Tired of doomscrolling and AI slop, Gen-Z are turning back towards physical media, including books, magazines and the humble zine.

Originally known as fanzines, zines have their origins in early sci-fi fan publications made in the 1930s. They exploded during the punk movement of the 1970s, with handmade, stapled and photocopied zines chronicling the scene distributed at gigs or dropped into local cafes and community centres.

Intended as a way to share ideas in a creative way outside of the mainstream media, in a cheap and accessible format, they are different from magazines in that they are typically self-published, have a small circulation, and are not profit driven.

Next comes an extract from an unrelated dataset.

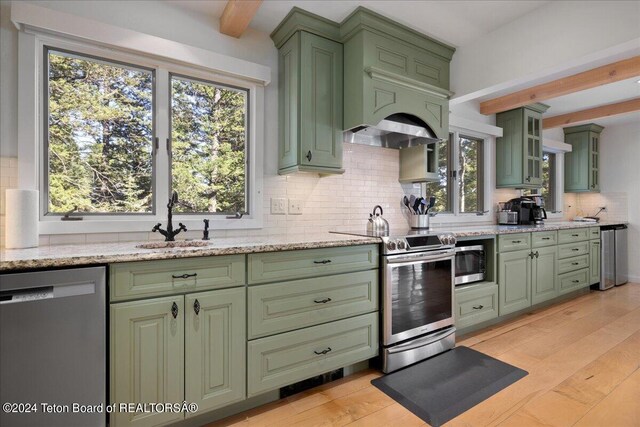 3705 W Mccollister Dr, Teton Village, WY 83025 - kitchen featuring light wood-style flooring, a sink, beam ceiling, green cabinetry, and appliances with stainless steel finishes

When my friend YeeWen Wong and I had the idea to open up submissions for our own DIY, self-published print publication last year, we couldn’t have anticipated the level of interest.

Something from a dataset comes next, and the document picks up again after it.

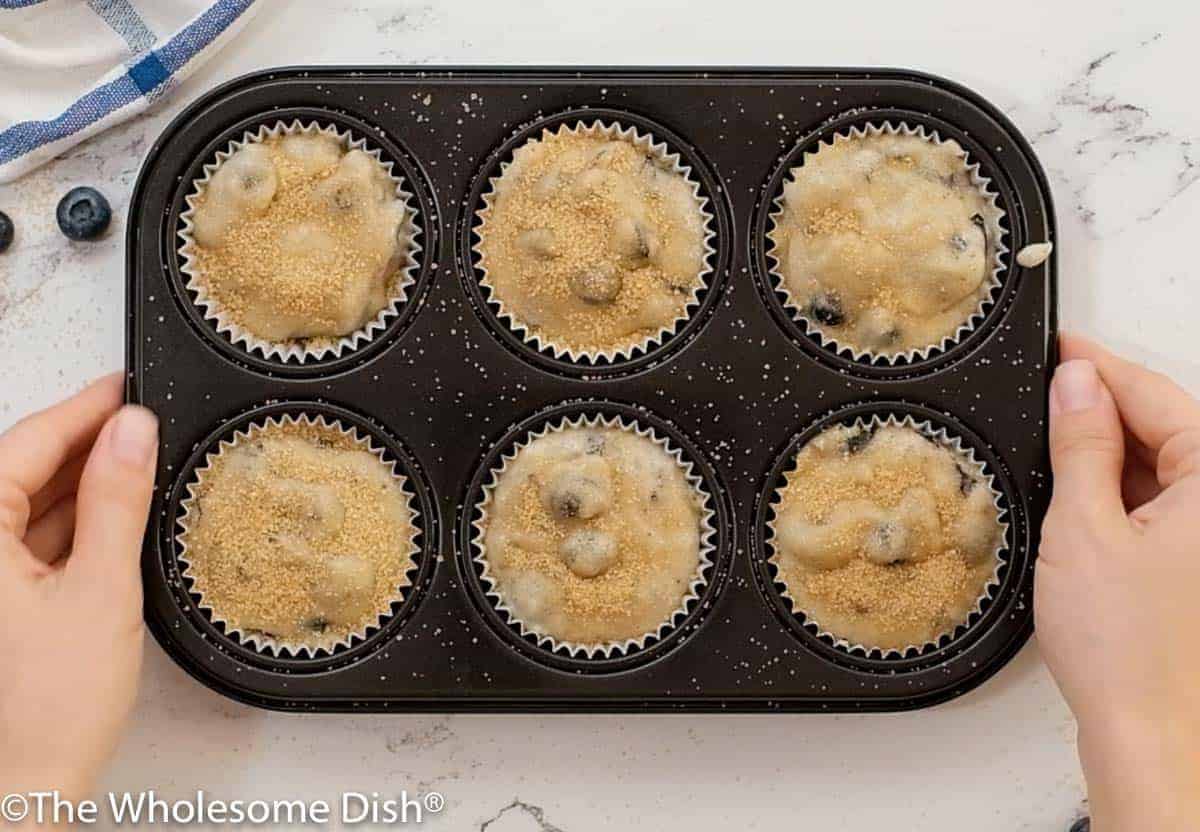 Muffin tin full of blueberry muffin batter.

What started out as a once-off creative project geared towards the lesbian community in Ireland and France (where we are both based) has now turned into two 48-page publications called Dyke Affair, stocked in 15 bookshops across Europe and North America, with a third in the works.

We’ve had hundreds of submissions ranging from essays and poems to photography and illustration.

Though the format ended up somewhat closer to a magazine than a zine, it was rooted in the DIY culture of zines. Zines have historically provided a space for marginalised voices, often left out of traditional publishing.

The inspiration for our own publication came from a deep dive into those zine archives, and, a desire to provide a new platform for lesbian creatives. We had hoped to break even with our publication, but instead, we’ve been able to donate several hundred euro to various LGBT collectives, organisations and individual GoFundMe pages.

The Dyke Affair zine, created by Jade Wilson and YeeWen Wong.The Dyke Affair zine, created by Jade Wilson and YeeWen Wong.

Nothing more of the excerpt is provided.